The Truth About Superpowers

By

Review Mash-Up: Superman Returns vs. The Road to Guantanamo
Blame the heat. Blame the mind-warping apparition of Christopher Hitchens on the sidewalk outside the screening, drink in hand. Blame the jumble of hype, snark, and infinite cross-linkage that floods our browsers and grinds everything into the same RSS-stuffed sausage. Blame the soulcrushing dullness of watching the Man of Steel burst forth through yet another layer of clouds while the fanfares of John Williams' triumphant score soar around him. No matter: something about Bryan Singer's Superman Returns put me in the mind of The Road to Guantuanamo, Michael Winterbottom's rabble-rousing docudrama that won the Silver Bear at this year's Berlin Film Festival.

This summer, you'll have the chance to pick between the chest-thumping pop myth and an incendiary recreation of a story that was ripped from the headlines by one of the most versatile directors working today. One film features a hero in a latex costume with fluttering CGI cape, the other has orange jumpsuits and men in chains. Superman is invincible (unless there's Kryptonite) and infallible (unless he's wearing glasses), a picture of perfection and valor. The Tipton Three, English Muslims who were arrested in Afghanistan and spent two years at Camp X-Ray in Guantanamo Bay, are men full of ambiguities who may or may not be telling the truth. Both movies are about superpowers.

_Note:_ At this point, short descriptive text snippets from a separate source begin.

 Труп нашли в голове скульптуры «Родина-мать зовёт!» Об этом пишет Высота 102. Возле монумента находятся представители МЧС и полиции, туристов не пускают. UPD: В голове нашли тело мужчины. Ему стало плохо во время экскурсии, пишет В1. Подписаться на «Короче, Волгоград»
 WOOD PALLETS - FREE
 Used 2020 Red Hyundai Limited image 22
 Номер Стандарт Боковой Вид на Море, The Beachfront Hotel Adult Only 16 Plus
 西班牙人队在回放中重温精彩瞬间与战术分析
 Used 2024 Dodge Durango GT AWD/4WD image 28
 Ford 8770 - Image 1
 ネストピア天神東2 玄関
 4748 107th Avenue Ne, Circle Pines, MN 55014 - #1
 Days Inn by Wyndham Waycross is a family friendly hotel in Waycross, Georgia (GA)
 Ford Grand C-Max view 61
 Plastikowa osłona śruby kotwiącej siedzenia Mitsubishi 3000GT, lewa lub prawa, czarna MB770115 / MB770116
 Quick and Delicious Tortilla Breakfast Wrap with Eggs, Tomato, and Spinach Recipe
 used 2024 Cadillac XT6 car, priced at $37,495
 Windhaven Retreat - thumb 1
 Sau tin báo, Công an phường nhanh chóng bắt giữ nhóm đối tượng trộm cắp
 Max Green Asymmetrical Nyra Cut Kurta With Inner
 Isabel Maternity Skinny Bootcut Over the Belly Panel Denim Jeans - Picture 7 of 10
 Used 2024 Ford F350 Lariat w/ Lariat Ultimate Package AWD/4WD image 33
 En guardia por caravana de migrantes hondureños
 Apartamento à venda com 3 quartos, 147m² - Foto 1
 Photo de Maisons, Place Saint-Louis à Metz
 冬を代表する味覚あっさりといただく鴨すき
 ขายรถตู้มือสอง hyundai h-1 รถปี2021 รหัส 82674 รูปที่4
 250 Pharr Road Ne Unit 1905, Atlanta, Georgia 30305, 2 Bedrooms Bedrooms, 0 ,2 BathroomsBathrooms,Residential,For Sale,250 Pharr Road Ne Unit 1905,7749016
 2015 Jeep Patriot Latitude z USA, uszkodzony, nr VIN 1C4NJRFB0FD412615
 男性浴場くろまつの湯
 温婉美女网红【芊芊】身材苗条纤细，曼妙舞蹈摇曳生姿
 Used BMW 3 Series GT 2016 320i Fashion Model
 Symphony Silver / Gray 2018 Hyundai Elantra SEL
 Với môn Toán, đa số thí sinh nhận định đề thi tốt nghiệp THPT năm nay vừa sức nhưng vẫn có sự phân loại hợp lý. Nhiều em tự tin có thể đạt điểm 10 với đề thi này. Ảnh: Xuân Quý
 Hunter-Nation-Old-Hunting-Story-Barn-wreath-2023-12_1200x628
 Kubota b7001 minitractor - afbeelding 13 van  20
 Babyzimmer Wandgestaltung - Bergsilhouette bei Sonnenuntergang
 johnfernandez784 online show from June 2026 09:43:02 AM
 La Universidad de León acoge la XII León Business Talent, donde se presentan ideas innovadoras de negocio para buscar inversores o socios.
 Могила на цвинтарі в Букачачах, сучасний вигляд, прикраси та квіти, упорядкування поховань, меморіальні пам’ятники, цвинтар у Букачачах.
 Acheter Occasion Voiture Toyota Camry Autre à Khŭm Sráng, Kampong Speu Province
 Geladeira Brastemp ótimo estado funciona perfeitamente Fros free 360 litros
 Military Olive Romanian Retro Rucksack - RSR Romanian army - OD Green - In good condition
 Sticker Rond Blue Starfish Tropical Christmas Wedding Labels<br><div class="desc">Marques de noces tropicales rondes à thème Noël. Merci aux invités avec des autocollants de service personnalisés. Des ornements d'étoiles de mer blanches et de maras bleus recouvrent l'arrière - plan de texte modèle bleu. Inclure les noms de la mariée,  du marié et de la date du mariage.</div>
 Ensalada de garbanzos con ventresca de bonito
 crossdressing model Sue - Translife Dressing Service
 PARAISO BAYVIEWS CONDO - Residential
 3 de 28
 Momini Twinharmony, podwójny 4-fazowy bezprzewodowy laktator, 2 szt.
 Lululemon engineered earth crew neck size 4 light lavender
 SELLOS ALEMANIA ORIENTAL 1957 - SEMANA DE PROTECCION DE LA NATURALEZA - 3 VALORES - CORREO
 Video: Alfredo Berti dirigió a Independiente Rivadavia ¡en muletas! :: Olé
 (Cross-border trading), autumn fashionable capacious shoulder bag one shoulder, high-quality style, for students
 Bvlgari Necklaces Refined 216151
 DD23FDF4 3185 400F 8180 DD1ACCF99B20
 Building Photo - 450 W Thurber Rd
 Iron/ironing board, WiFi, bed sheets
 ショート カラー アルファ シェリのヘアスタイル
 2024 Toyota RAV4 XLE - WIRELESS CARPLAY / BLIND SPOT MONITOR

Michael Winterbottom, director of such very different films such as 9 Songs, 24 Hour Party People, and Tristram Shandy, is a protean innovator. (Singer's script just blathers on about Prometheus.) Superman Returns isn't simply infantile--that much is expected. The real surprise is that Winterbottom's film is superior entertainment, harrowing but gripping. Filmed in the same quasi-documentary style as his 2002 immigration drama In this World, The Road to Guantanamo make a news story come alive with eye-opening intensity. The drama of attack dogs and black hoods, shaved heads, authority, submission, humiliation, and release is far more engaging than anything Singer has to offer.